**EXERCISE OBJECTIVE**
Copy out the data below from the line containing "Real Butterfly Framed" to the line containing "Oklahoma Spring Botanical", both lines included, with all images left out.

**RECORDS PROVIDED**
....

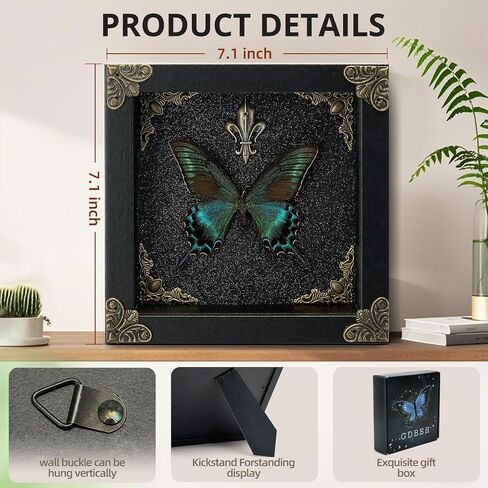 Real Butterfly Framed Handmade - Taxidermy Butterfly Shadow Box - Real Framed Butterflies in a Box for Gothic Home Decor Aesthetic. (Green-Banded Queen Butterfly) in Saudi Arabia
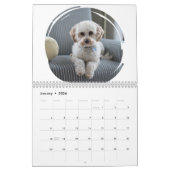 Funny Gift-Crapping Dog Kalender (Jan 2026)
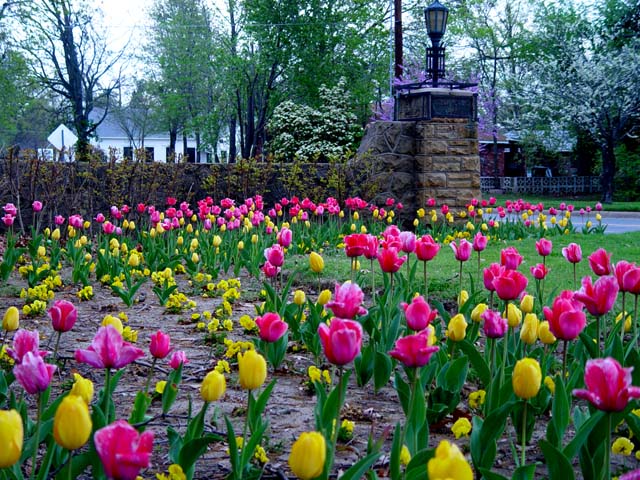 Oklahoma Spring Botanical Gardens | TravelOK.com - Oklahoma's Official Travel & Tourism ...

....

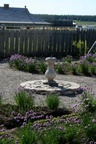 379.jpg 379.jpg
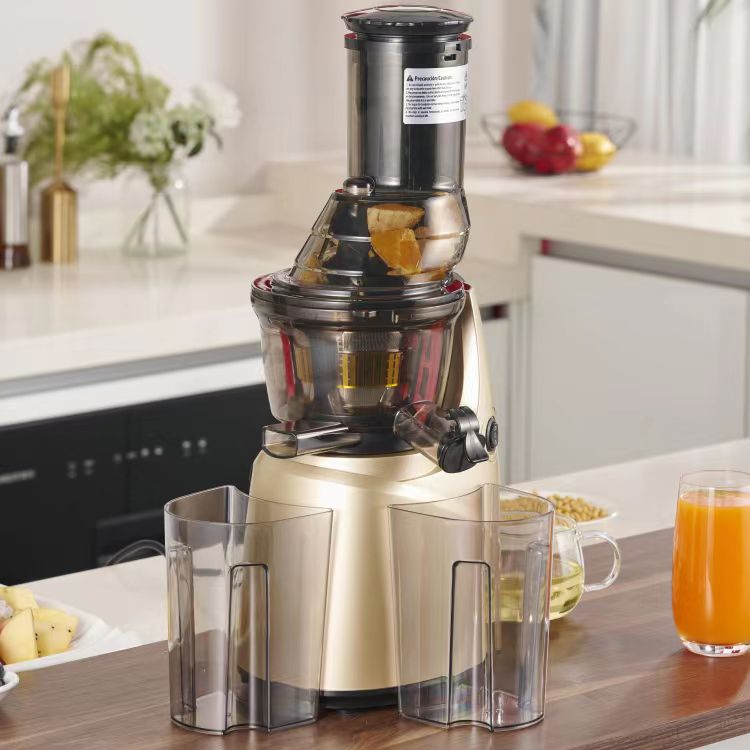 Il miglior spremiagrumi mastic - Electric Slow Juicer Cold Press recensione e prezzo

....

**RESULT FOR THIS EXERCISE**
 Real Butterfly Framed Handmade - Taxidermy Butterfly Shadow Box - Real Framed Butterflies in a Box for Gothic Home Decor Aesthetic. (Green-Banded Queen Butterfly) in Saudi Arabia
 Funny Gift-Crapping Dog Kalender (Jan 2026)
 Oklahoma Spring Botanical Gardens | TravelOK.com - Oklahoma's Official Travel & Tourism ...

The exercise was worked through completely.